Original Investigation

J Am Coll Cardiol, 66 (14) 1563–1565


Worldwide, an estimated 1.5 million deaths were caused by diabetes mellitus in 2012 (1), up from 1 million in 2000. Diabetes has been shown to be associated with a 2-fold increased risk of all-cause mortality and a 3-fold increased risk of cardiovascular disease mortality relative to age- and sex-matched controls in a contemporary primary care population in the United Kingdom (2). Blood pressure (BP) and diabetes share common mediators, including inflammation and endothelial dysfunction (3). Despite the known relationships between BP and diabetes, evidence supporting a clear population-level association between increased BP and the development of new-onset diabetes has been mixed. Large national databases of electronic medical records and meta-analytical techniques represent 2 possible routes to elucidate the strength of an association, if not a causal relationship, between BP and incident diabetes.

In this issue of the Journal, Emdin et al. (4) evaluate the association between BP and the risk of incident diabetes in a cohort of 4.1 million adults. Making use of electronic medical records, this study included data from patients 30 to 90 years of age without diabetes; exclusion criteria included prevalent renal disease, peripheral vascular disease, heart failure, cerebrovascular disease, ischemic heart disease, and type 1 or type 2 diabetes. Data were collected from the U.K. Clinical Practice Research Datalink, which covers about 9% of the U.K. population, and the Hospital Episode Statistics database, which includes data on hospital admissions, outpatient appointments, and cause-specific mortality for hospital events. BP measurements made between January 1990 and January 2013 were adjusted for regression-dilution bias (a downward bias of the association regression slope resulting from measurement error and unaccounted for variability in BP [5]) by regressing serial BP measurements on a baseline measurement. Hazard ratios for measured BP (adjusted for age, sex, and body mass index [BMI], smoking status within 2 years of baseline, and baseline antihypertensive and lipid-lowering drug use) were multiplied by regression dilution ratios of 2.1 and 2.5 for systolic BP (SBP) and diastolic BP (DBP), respectively, to estimate incident diabetes associations with “usual” BP.

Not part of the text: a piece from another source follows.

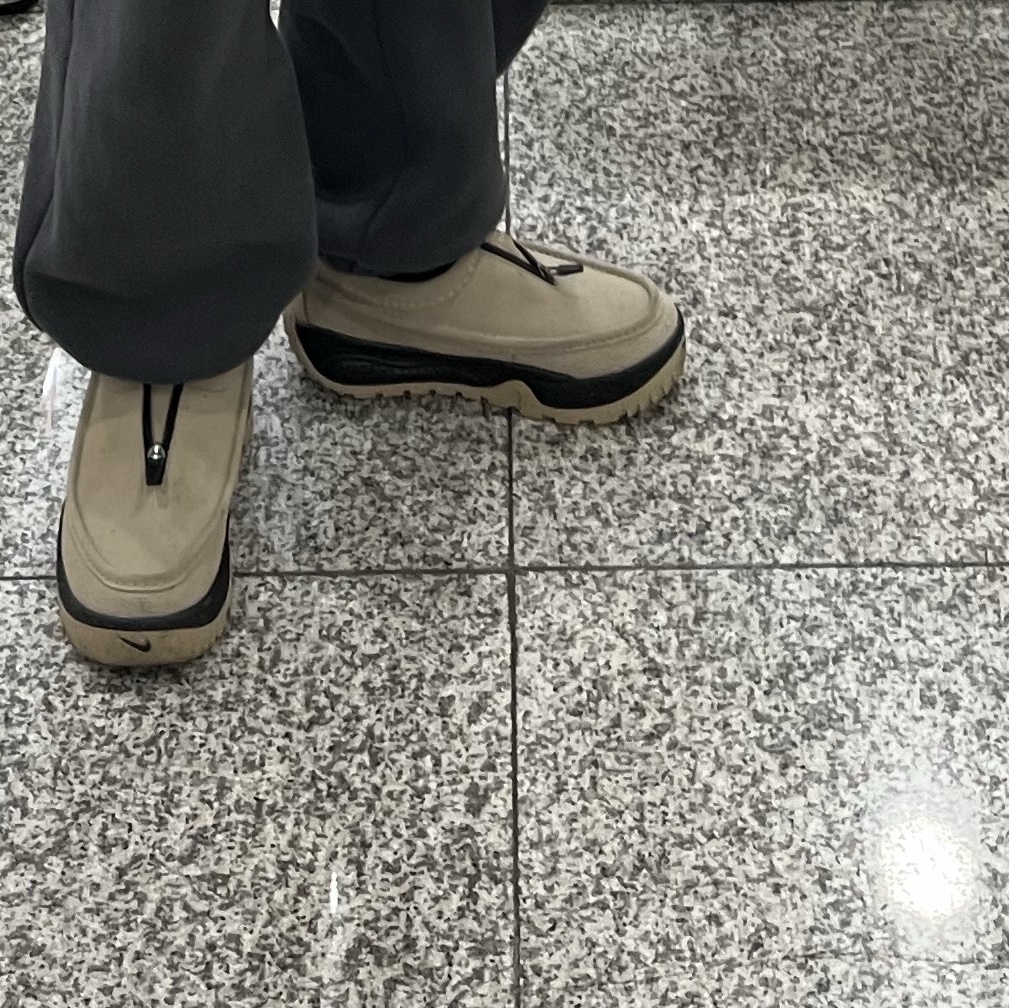 Nike ACG Izy Khaki and Black 착용 스타일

The primary outcome was defined as a diagnosis of type 2 or unspecified diabetes or issuance of a prescription for insulin or an antidiabetic drug. Participants were censored at first occurrence of the primary outcome. A series of 6 sensitivity analyses were performed to evaluate impact of various covariate adjustments including cholesterol, lipid, and hypertension treatments, cohort effects (adjusting for timing of initial BP measurement), diabetes definition (as listed previously vs. excluding those with unspecified diabetes), and timing of events (events in all years vs. excluding events in years 1, 2, and 4).

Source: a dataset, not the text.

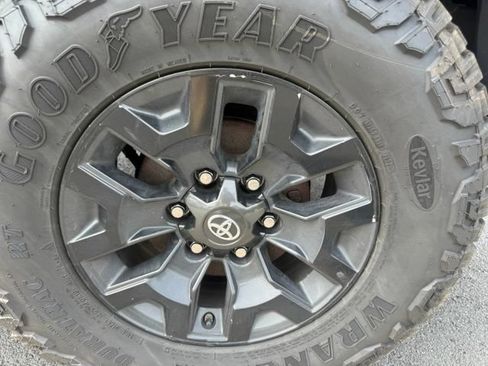 Used 2020 Toyota Tacoma TRD Off-Road w/ Technology Package AWD/4WD image 21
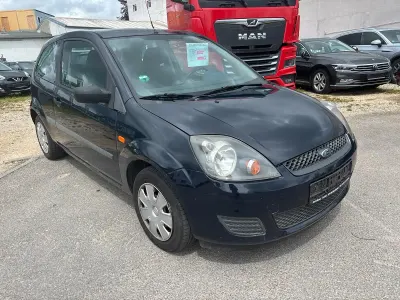Używany Ford Fiesta 75 KM (55 kW) 2007 Niebieski Hatchback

The authors also conducted a random-effects meta-analysis of prospective observational studies of BP and incident diabetes. This analysis included findings from 30 studies enlisting 285,664 participants with 17,388 incident diabetes events. Regression dilution ratios generated in the main study were applied in the meta-analysis.

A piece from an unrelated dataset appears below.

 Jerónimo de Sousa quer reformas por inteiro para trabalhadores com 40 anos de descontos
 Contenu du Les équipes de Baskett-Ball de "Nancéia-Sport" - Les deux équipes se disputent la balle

In the primary analysis, about 60% of the participants were women, median age was 46 years, median BMI was 25.7 kg/m2, and median follow-up was 6.8 years. A total of 186,698 participants met the definition of the primary outcome. Emdin et al. (4) reported that, overall, a 20 mm Hg increase in SBP and a 10 mm Hg increase in DBP were associated with a 58% (95% confidence interval [CI]: 1.56 to 1.59) and 52% (95% CI: 1.51 to 1.54) increase in the risk of new diabetes, respectively. For SBP, the association was strongest for those with normal or slightly elevated usual pressures with a flattening of the curve below and above the SBP extremes (about 110 and 150 mm Hg, respectively). Diastolic BP was similarly associated with the onset of diabetes but with less evidence for plateaus toward the extremes (70 and 100 mm Hg). The associations were modified by sex (stronger associations observed in men), but not at clinically meaningful differences. Baseline BMI and age more strongly modified the association: lower BMI and younger age exhibited greater relative risk increases with increasing BP (although because of differences in baseline risk, absolute risk increases in the higher BMI and older strata were equal to or higher than increases in absolute risk in lower BMI and younger strata). For example, for those with BMI <25 kg/m2, the hazard ratio for a 20 mm Hg increase in SBP was 1.89 (95% CI: 1.84 to 1.94); for those with BMI >35 kg/m2, the hazard ratio was 1.19 (95% CI: 1.16 to 1.22). In analyses in which subjects on antihypertensive or lipid-lowering drugs were excluded, risk estimates were similar to those made in the full cohort. In the meta-analysis, the pooled relative risk for each 20 mm Hg higher usual SBP was 1.77 (95% CI: 1.53 to 2.06).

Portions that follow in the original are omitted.